= Task to complete =
Each line from the one containing "Men Baggy Tweed Pants Thick Wool Blend Formal Suit Straight Men" through the last line of the data below should be printed exactly, please, with any pictures omitted.

= Information provided =
%%

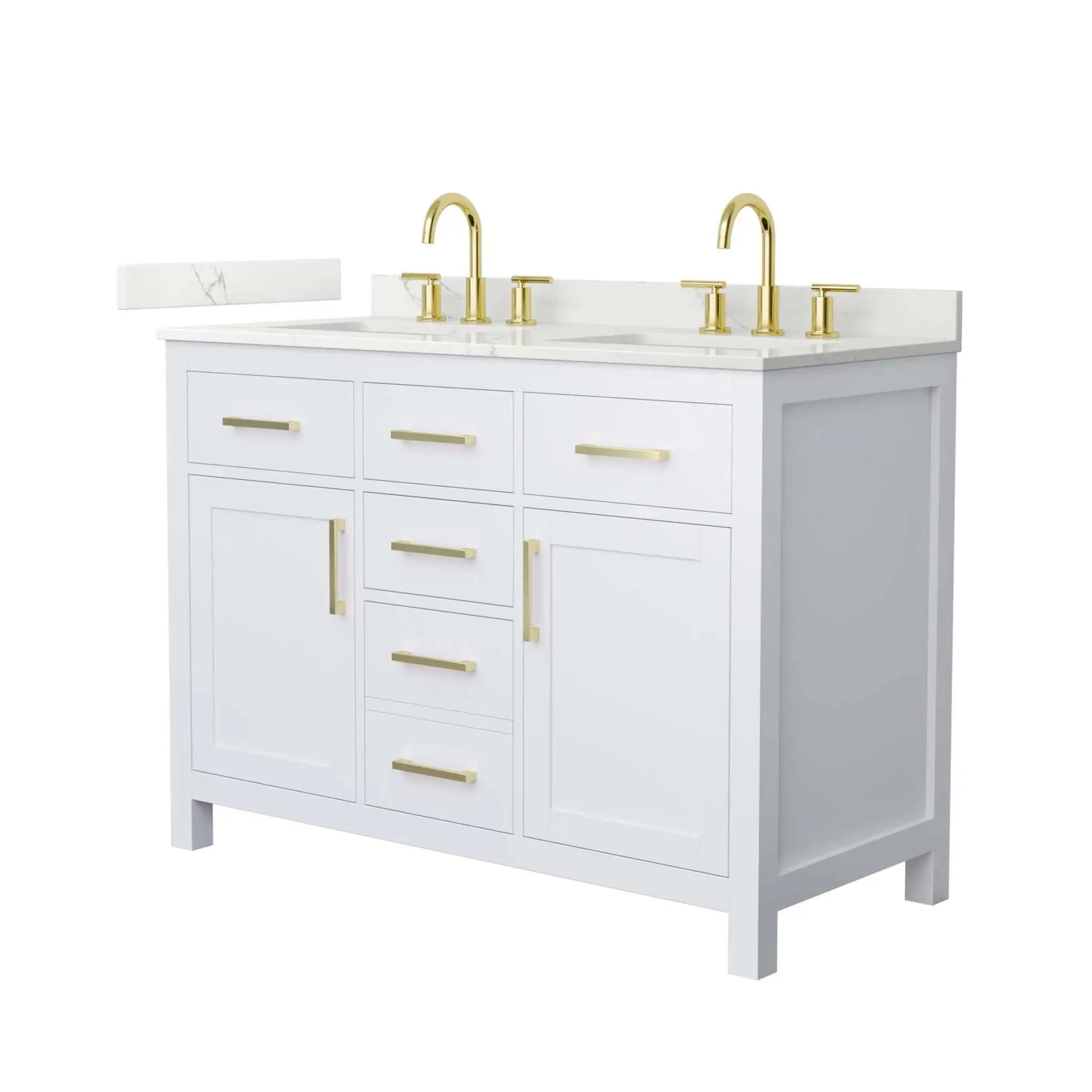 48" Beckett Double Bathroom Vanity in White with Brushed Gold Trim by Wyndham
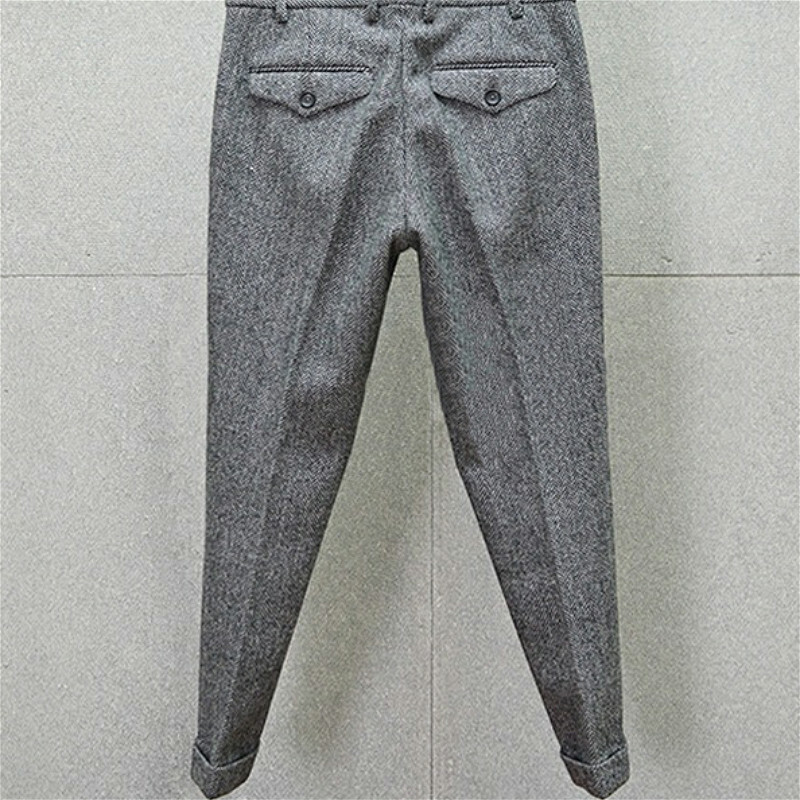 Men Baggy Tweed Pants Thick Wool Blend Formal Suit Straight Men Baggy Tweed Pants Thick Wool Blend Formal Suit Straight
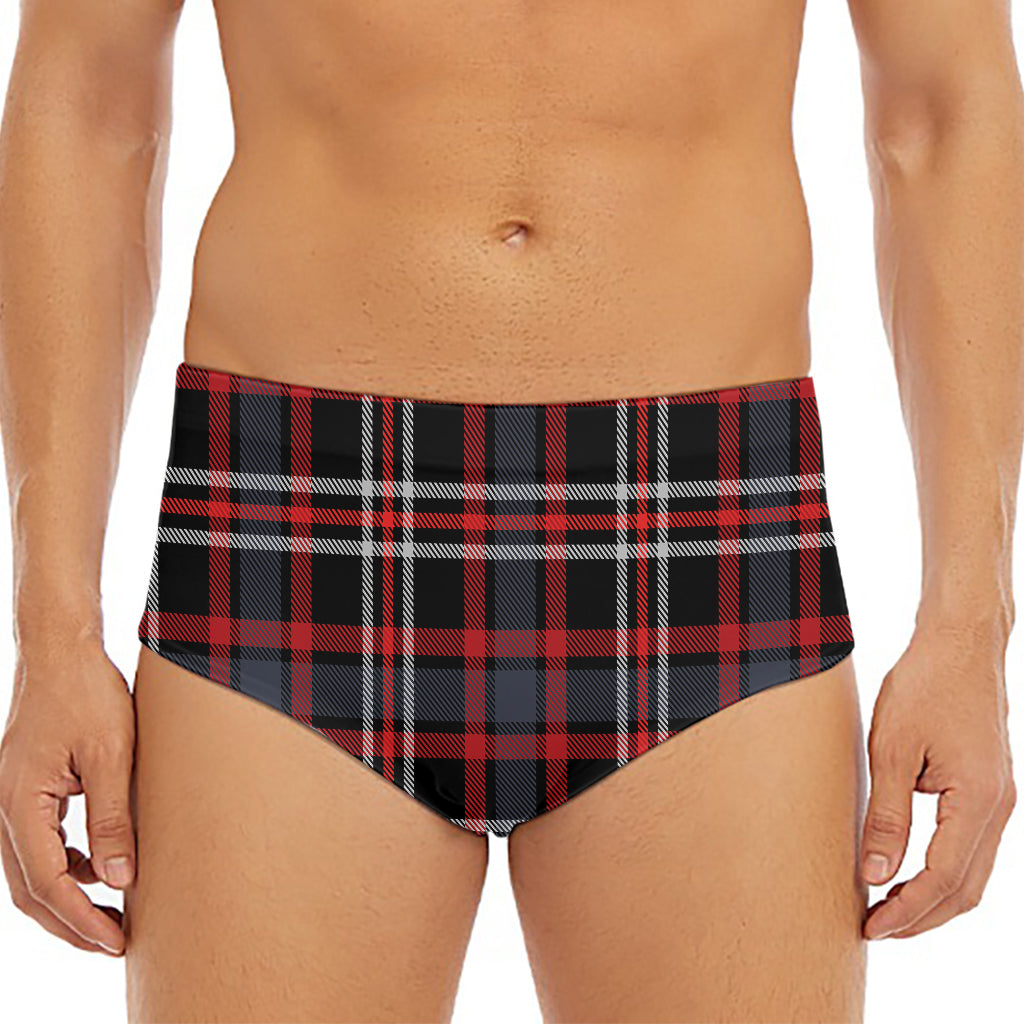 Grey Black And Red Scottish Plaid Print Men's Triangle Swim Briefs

%%

= Solution =
 Men Baggy Tweed Pants Thick Wool Blend Formal Suit Straight Men Baggy Tweed Pants Thick Wool Blend Formal Suit Straight
 Grey Black And Red Scottish Plaid Print Men's Triangle Swim Briefs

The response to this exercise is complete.